WORK REQUIRED>
Repeat the listing word for word. No pictures belong in the copy.

DATA EXTRACT>
★ ★ ★ ★
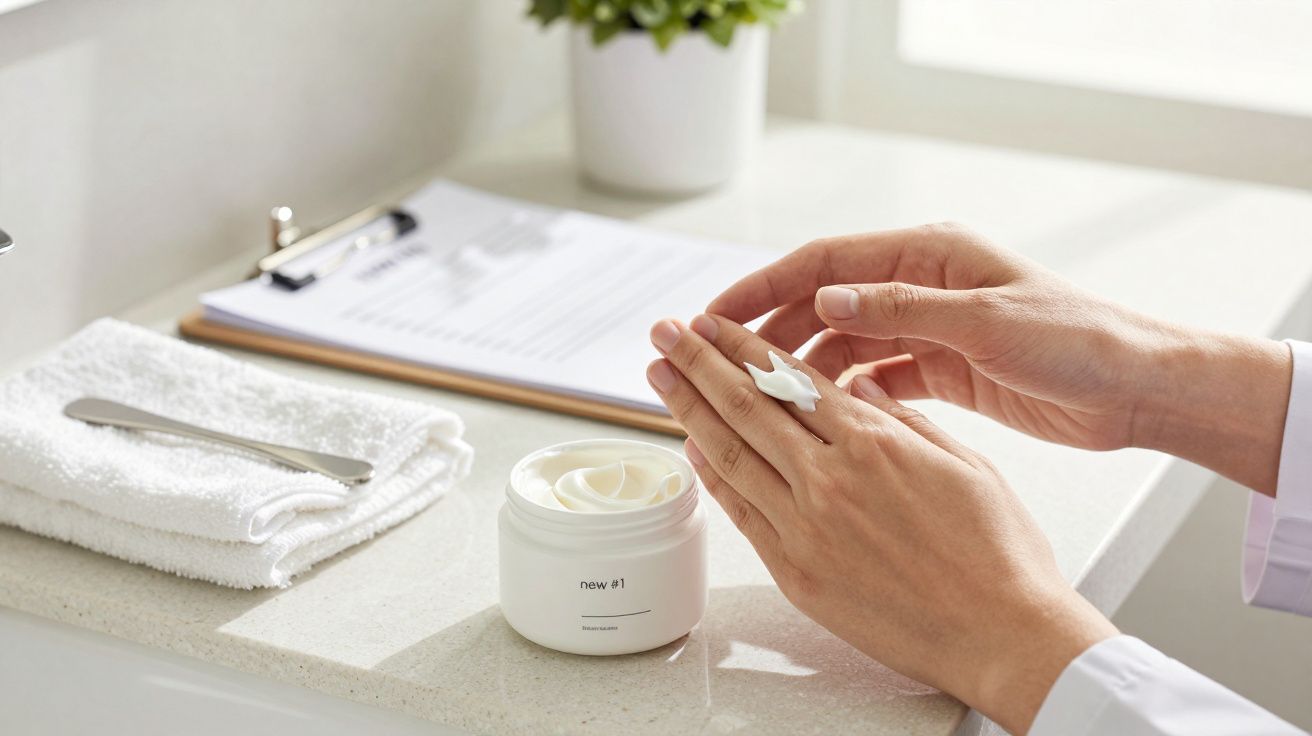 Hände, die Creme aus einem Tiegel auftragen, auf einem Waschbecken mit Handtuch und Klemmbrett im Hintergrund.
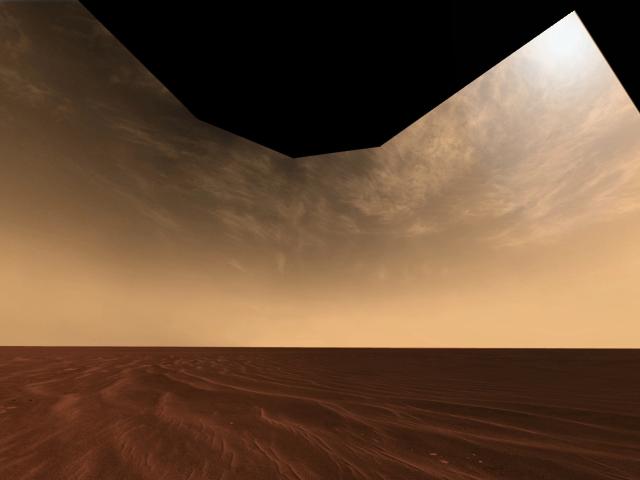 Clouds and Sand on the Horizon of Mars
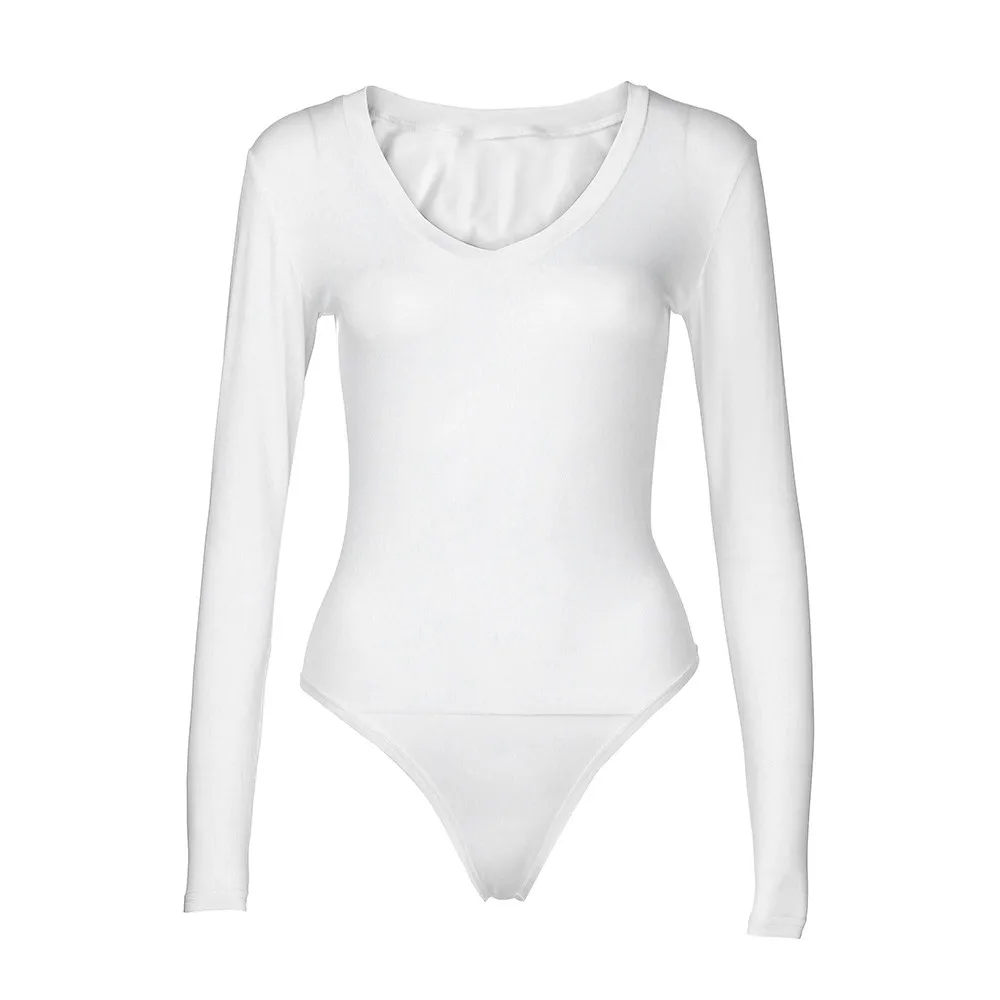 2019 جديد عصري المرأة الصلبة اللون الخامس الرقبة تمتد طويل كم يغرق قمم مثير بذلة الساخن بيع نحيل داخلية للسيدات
★ ★ ★ ★
SOLUTION TO THE PROBLEM>
 Hände, die Creme aus einem Tiegel auftragen, auf einem Waschbecken mit Handtuch und Klemmbrett im Hintergrund.
 Clouds and Sand on the Horizon of Mars
 2019 جديد عصري المرأة الصلبة اللون الخامس الرقبة تمتد طويل كم يغرق قمم مثير بذلة الساخن بيع نحيل داخلية للسيدات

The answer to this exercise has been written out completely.